Because that would be too difficult. Instead, the artist committed to illustrating one of the biggest Straw Man fallacy statements that those against religious beliefs usually make. For those that are new to the term, the Straw Man fallacy is when an opposing viewpoint builds up something with loaded, usually negative, qualities, and then attempts to knock it down – hence, the “straw.” Essentially, it is a misinterpretation of the opponent’s position, which is something that the illustrator seemed to throw himself upon willingly. As I stated earlier, no true Christian would believe that the qualities displayed by this character in the cartoon were true Christian qualities. Garth continued on with this fallacy, as he writes, “its not something against Christianity but those that tote a bible and fail to follow through.” Since Christians are the ones that “tote” Bibles, I would reason that it is, in fact, a jab at Christianity and not religion as a whole – a hidden objective made by the original illustrator, but also betrayed by Garth’s statement. We will return to the Straw Man point momentarily.

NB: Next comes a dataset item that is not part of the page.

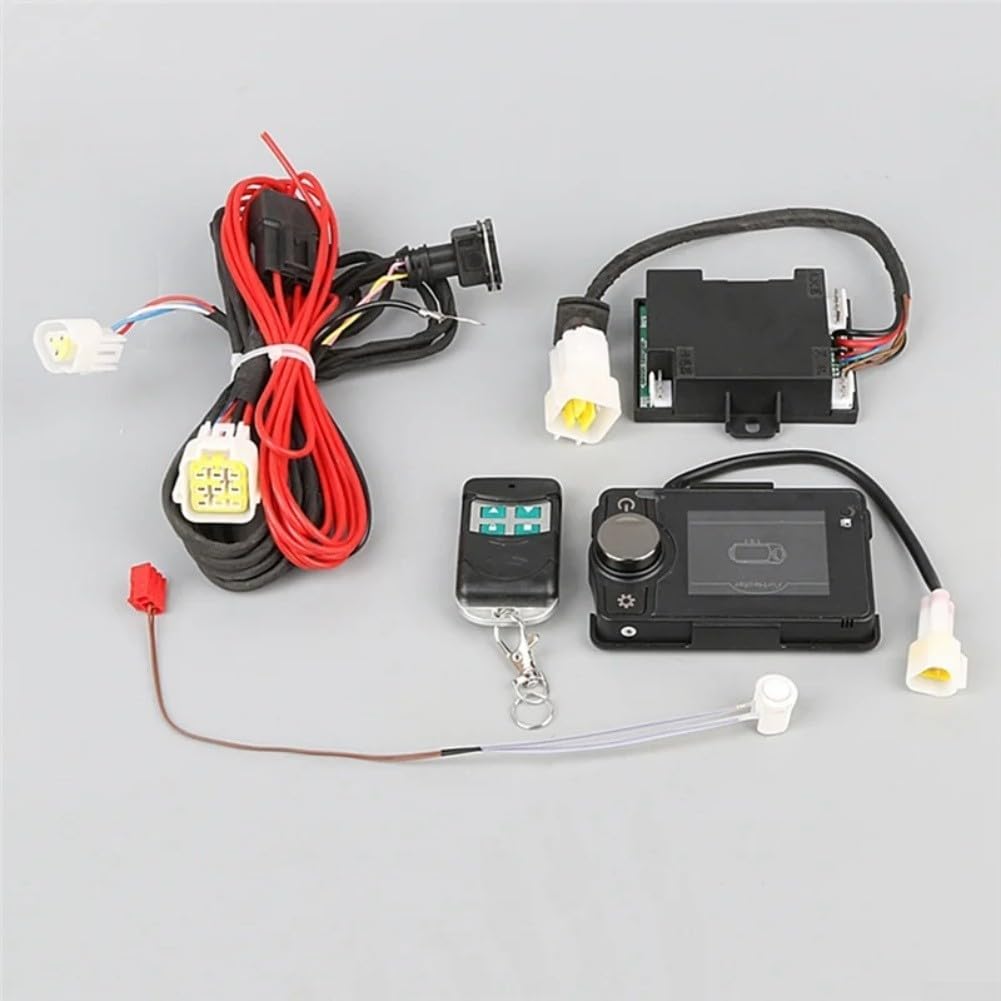 Tablero de control del calentador de estacionamiento de aire 5KW con pantalla de pantalla, arnés de cableado y sensores, construcción de plástico, fácil instalación, rendimiento estable (12V)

Wayne was back up to the plate by this time. A Christian with basic knowledge about their faith would be able to see the holes riddled through the statement he made to follow up Garth’s, but the one thing I decided to latch onto was the “cultural” or “societal” differences in what defines “good.” At this point, I really wanted to know what Wayne’s definition of “good” was, because from what he began to describe seemed to be from a relativistic standpoint. The empty statement about being “kind” and “nice” was what made people “good” didn’t do “good” justice enough. On a side note, I found it entertaining that the examples Wayne used for being universally bad were “gossiping” and “bullying,” not something like, I don’t know, murder or theft.

Which I brought up in my next reply. With Wayne stating that some things were universal, he (unknowingly) made the claim that there is, in fact, a standard, which is one of the main things that I wanted to bring up in the conversation. To emphasize this, I offered the example I did above about murder and theft, and a universal standard. But in order to zero-in on what they truly believed, and in order to expose the hole in their collective logic, I knew I had to call upon Columbo once more, offering the question: “How many times do you have to break the law to be considered guilty?”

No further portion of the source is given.